REWIC WITH SELF-CONTROL


Table of Contents

Introduction

In absence of a priori knowledge about regions of interest, a rational system for progressive transmission chooses at any truncation time among alternative spatial orientation trees for further transmission in such a way as to avoid certain forms of behavioral inconsistency. Some rational transmission systems might exhibit aversion to risk involving ``gambles'' on tree-dependent quality of encoding while others favor taking such risks, but risk-prone systems as well as those with strong risk aversion appear not capable to attain the quality of reconstructions which can be achieved with moderate risk-averse behavior. Even though the problem of estimating the parameter that controls the risk attitude in a rational transmission system is a key issue, it is not clear how to pick the risk aversion parameter for different image content. A rational embedded wavelet image codec with self-control of quantizers' risk attitude integrates a rational progressive transmission system avoiding certain forms of behavioral inconsistency with an elementary form of cooperative bit allocation. In this scheme, self-control of quantizers' risk attitude provides an operational solution to the problem of risk attitude estimation at each truncation time. The following experimental results illustrate the comparative performance of the resultant scheme with both the state of the art in progressive transmission SPIHT and the state of art coder JPEG2000. Results were obtained without entropy-coding the bits put out with both SPIHT and REWIC with self-control.

Examples

The following examples show images encoded/decoded using (with entropy coding )JPEG 2000 (The JASPER Project Home Page.) and (without entropy coding) REWIC with self-control.The images are decomposed by a 6-level 9-7 tap biorthogonal Daubechies filter.

Experiments


A.Image Quality Predictor for Coder Performance Evaluation.

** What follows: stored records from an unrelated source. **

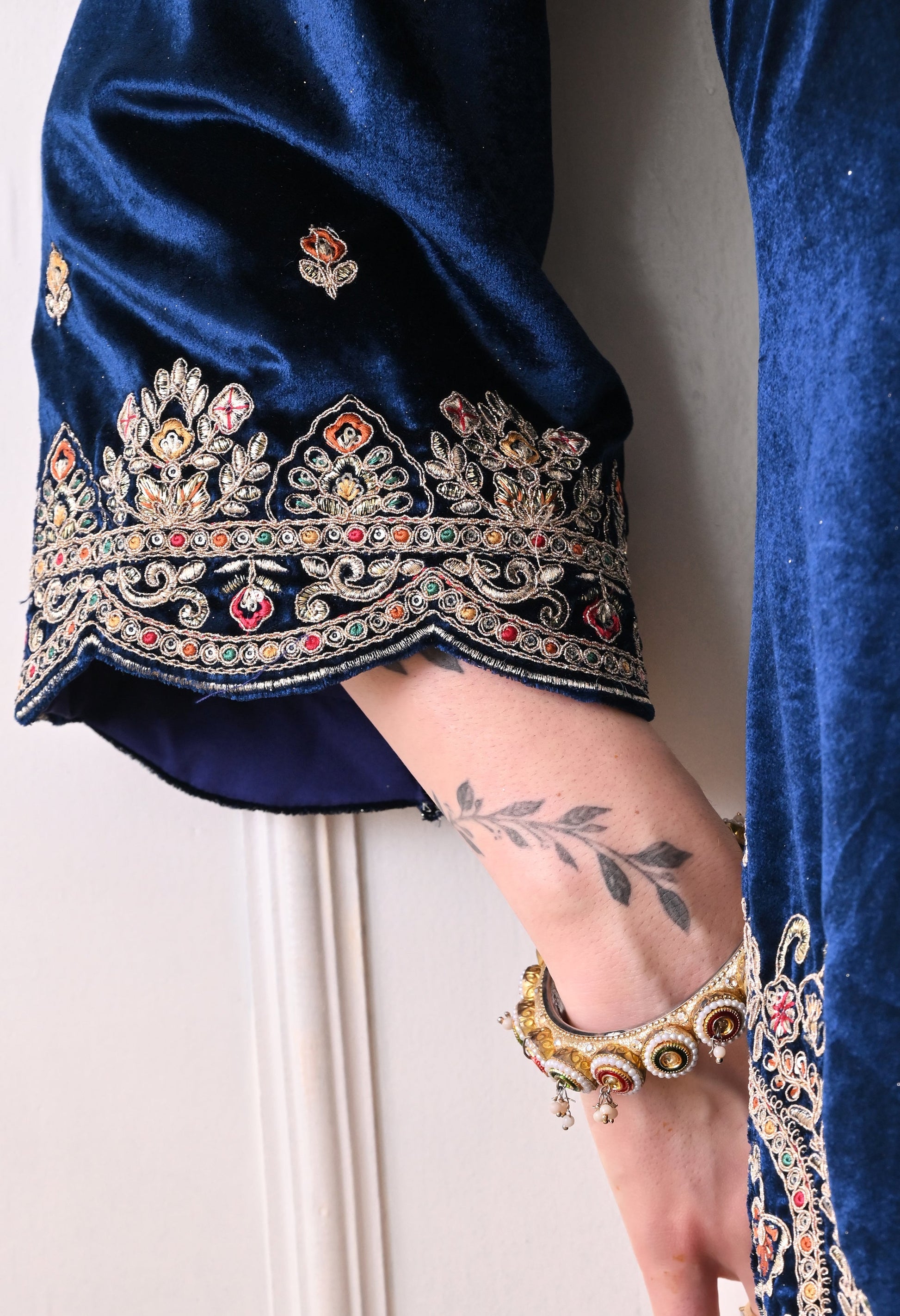 Noor-E-Begum - Pure Velvet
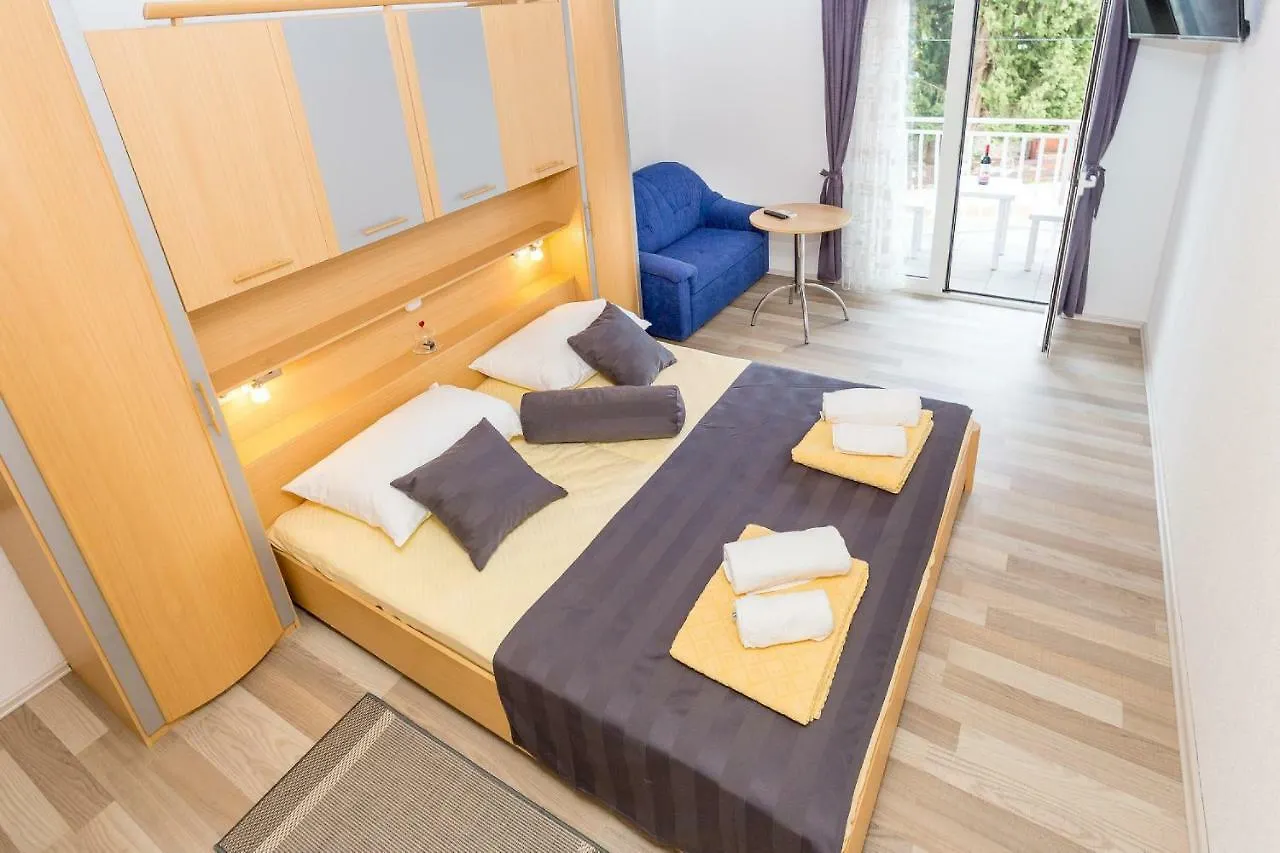 Guest house Lanterna Rooms Turanj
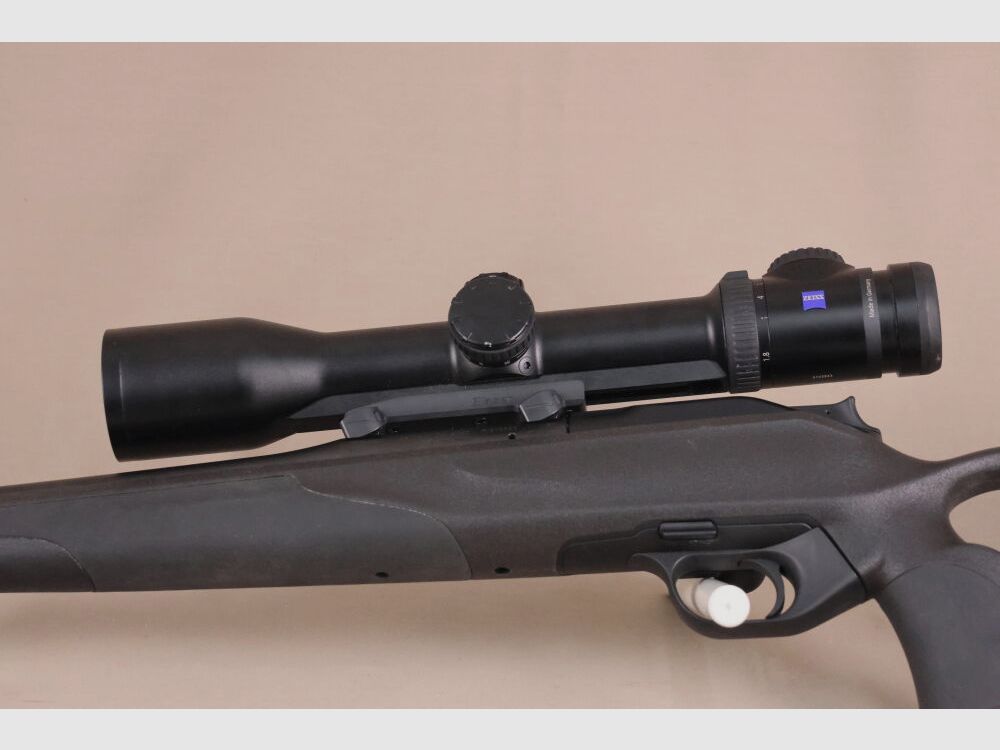 Blaser R8 Professional Success // Mit Zeiss V8 und Schalldämpfer!!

In the coding community the peak signal to noise ratio (PSNR) is used often to precisely measure and quantify the error present in a compressed image and great effort is expended toward minimizing such an error. Any coding scheme which does not attempt to minimize some square-error cannot be expected to prove their worth with a curve of PSNR versus bit rate ([1]), which may be a constraint on the formulation of new coding schemes capable of making an intelligent use of the visual information. This may be justified assuming the correctness of the PSNR, but what are the actual properties of the PSNR? For example, does it take into account of the effectiveness of the information, so discriminating relevant structures from unwanted detail and noise? Does it examine whether the properties of the original image at significant points are equal to the properties of the decoded output at the corresponding locations? The point is that whereas we have no evident affirmative answer to these and other questions, the PSNR does not appear capable of predicting visual distinctness from digital imagery as perceived by human observers  [2],[3],[4][5]

It often happens that the structure of a certain scene cannot be determined exactly due to various reasons (e.g, it is possible that some of the details may not be observable or the observer who makes an attempt to investigate the structure may no take all the relevant factors governing the structure into consideration). Under such circumstances, the structure of the reference image and the input image can be characterized statistically by discrete probability distributions. Let us assume the probabilities associated with the reference $R$ and the input $I$ as those given by $P$ and $Q$ . Then, the problem of predicting recognition times for humans performing visual search and detection tasks, can be reformulated as: What is the amount of relative information gain between the probability distributions $P$ and $Q$ ?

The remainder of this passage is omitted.